Some of my reading has produced the info that the I W L are initials for Isaac Witwe (or Wed) Ling who was possibly the proprietor or maker of the concoction in the bottle.
The bottle is really nice and it has numerous air bubbles with some distinct flaws in manufacturing.
No mold lines so I'm sure it was hand blown and squared up using the old methods.
I've enclosed some pictures of it in hopes maybe someone can tell me more about it, provide some links to it's origin or any more information on it.
Someday I may want to trade for it or sell it,but right now I like it too much to do anything but find out more about I W L, who he was,what was in the bottle and when it is dated from...... oh and it was dug in New Orleans,LA which is a pretty old city.


----------



## andy volkerts (Jun 1, 2016)

Hello. It looks an awful lot like a Der Lachs bottle that I got from France a couple years ago, the seller called it a bitters, but I feel that it was gin, but it was definitely paddle molded, as I think yours may be also.........Andy


----------



## Mudbug (Jun 1, 2016)

Thanks Andy, 
I think it was possibly for gin or perhaps for the Goldwasser liqueur concoction.
It is very similar to a Der Lachs type bottle, yet it does not say it anywhere.

Here is an excerpt from a current ad for Goldwasser:
_" In 1598, Ambrosien Vermöllen established Germany’s oldest liqueur factory, which later became famous under the name “Der Lachs” (“The Salmon”). The most well-known concoction, Original Danziger Goldwasser, followed in 1606. The “golden water” with real 22-karat gold leaf quickly advanced to become a drink of the noble society. And so it came about that the Original Danziger Goldwasser became the favourite liqueur of legendary czars Peter the Great and Katherine the Great.The fascination of Original Danziger Goldwasser and the history of the establishment “Der Lachs” persist to this day. But how did the name “Der Lachs” come about? We find the solution to the puzzle in 1704, when the Vermöllen family moves into a new house in a respectable townhouse on located on Breitengasse in Danzig. As was usual back then at this time there we no house numbers but merely a symbol which was engraved above the house door. And at this house the symbol was a salmon.__Drinkable gold has lost nothing of its fascination to this day. Today “Original Danziger Goldwasser” is still distilled unchanged according to a traditional recipe that is hundreds of years old and is one of the oldest trademarks in Germany."_
Interesting to note how the "salmon" came into being on the Der Lachs bottles. 

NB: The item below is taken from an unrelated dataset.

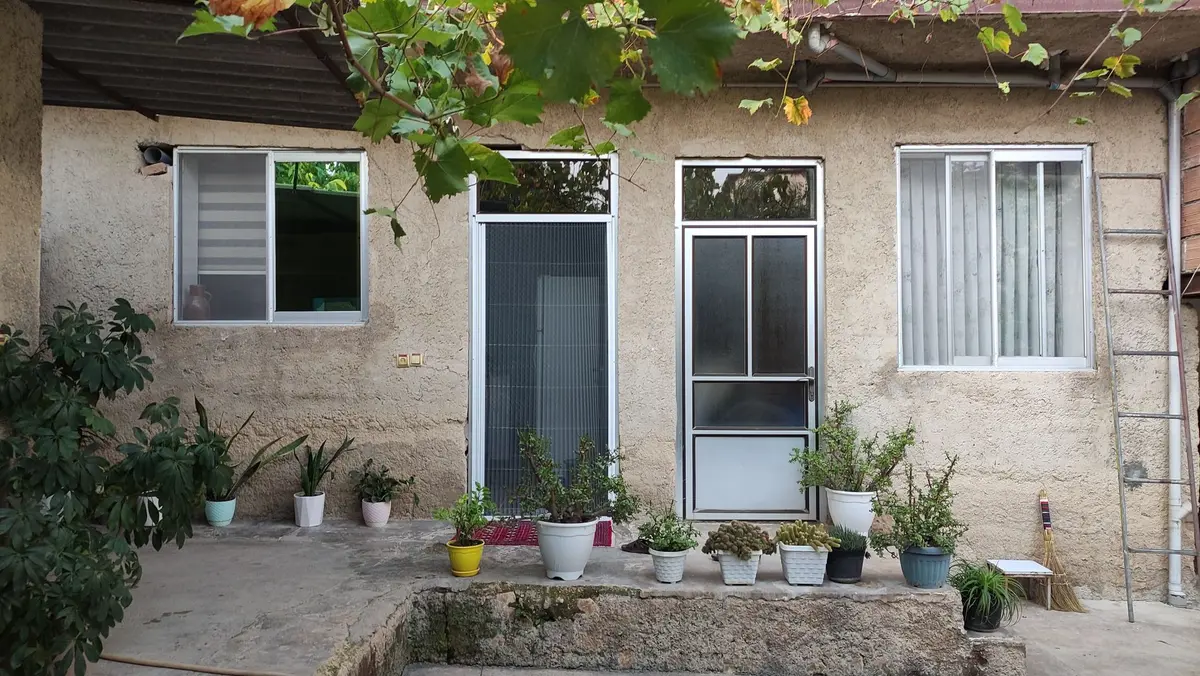 ویلا یک خوابه روستایی صاحب 6 - بالکن رو به حیاط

At any rate, the initials I W L have my curiosity perked and would like to know more about him. Was it possibly for Isaac Witwe Ling or Isaac Wed Ling?
Judging from the other items retrieved from the privy, this one dates around 1830.
It was dug from a privy close to the Mississippi River and the port, so it may very well have been brought over from "the old country", wherever that may be.

Was yours an open pontiled bottle?

Thanks again Andy.


----------



## andy volkerts (Jun 1, 2016)

Yes mine was is open pontiled, Also a great amber to puce color if I was more computer literate I would post pics, but I am too old to learn, I just screw everything up when trying to post on here.lol......Andy


----------



## ScottBSA (Jun 9, 2016)

Helping with this is out of my league, but it is a great looking very old bottle for sure.  Looks like you are doing great on the thinking and research.

Scott


----------